You Must Have Conviction. The First Sale Is To Yourself.

“The only thing worse than training your employees and having them leave is not training them and having them stay.”— Henry Ford

Leadership is the number one factor in organizational and team productivity.

In one of my Masters of Science courses, I learned an important truth. In his course, “Software Engineering Economics,” Barry Boehm explained he had learned (from his analysis of hundreds of system development organizations), that the factor of leadership was greater than all others. Greater than factors such as experience in programming languages, choices of development methodologies, and even knowledge of the customer domain.

Boehm determined that the factor of leadership was 4.18 times more powerful than all the other factors. (Yes, he was that precise with his data.)

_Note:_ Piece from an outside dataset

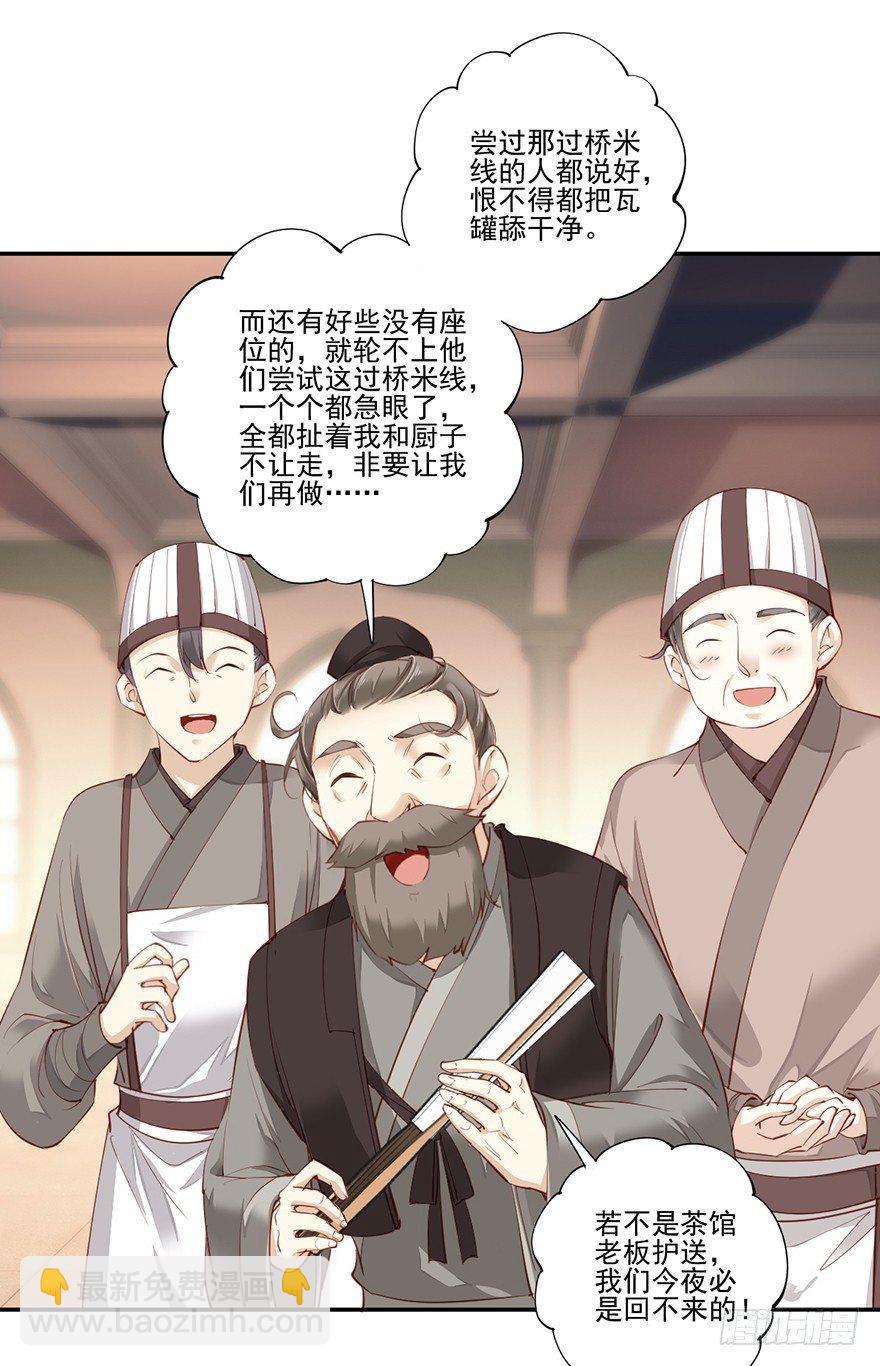 第六十五话（上）-第134话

I found the same thing true with my research and work with hundreds of more organizations. In my own book, I wrote that the first immutable law of speed for leaders is:  You own the accelerator for the speed of your own work and the work of those that you lead.

No one argues with me on that truth. Yet, many leaders find it very hard to get the training or coaching they desire and need.

Here are some compelling ways to get your executives to invest in your leadership skills and abilities.

  1. Speak the language of the executives. You will need to present your case to an executive who owns the budget.  What are the executive’s concerns for the business? How will this investment help you solve their problems?
  2. Focus on value. When you ask for something like this, you are making a personal commitment to provide a return on investment to your organization.  What will the benefits to the organization be? Can you show how this will increase your contributions to speed and profit?  
  3. Ensure it is highly recommended.  Do research.  Have others experienced a high return from the experience you want to invest in?  Consider asking past “graduates” about the value they received.  Their words will be compelling.
  4. Show your commitment. Be prepared to explain your commitment by detailing in the time you will put in and how you will pursue getting maximum value from the investment.  Further, you should promise a final report showing what you learned and how you are enacting those learnings in the organization. 
  5. Have conviction. The biggest factor in your ability to “seal the deal” on your organization investing in you is your conviction.  I always got the investments I needed in training, coaching, technology.  I had the conviction that it was right for the organization. The first sale is always to yourself.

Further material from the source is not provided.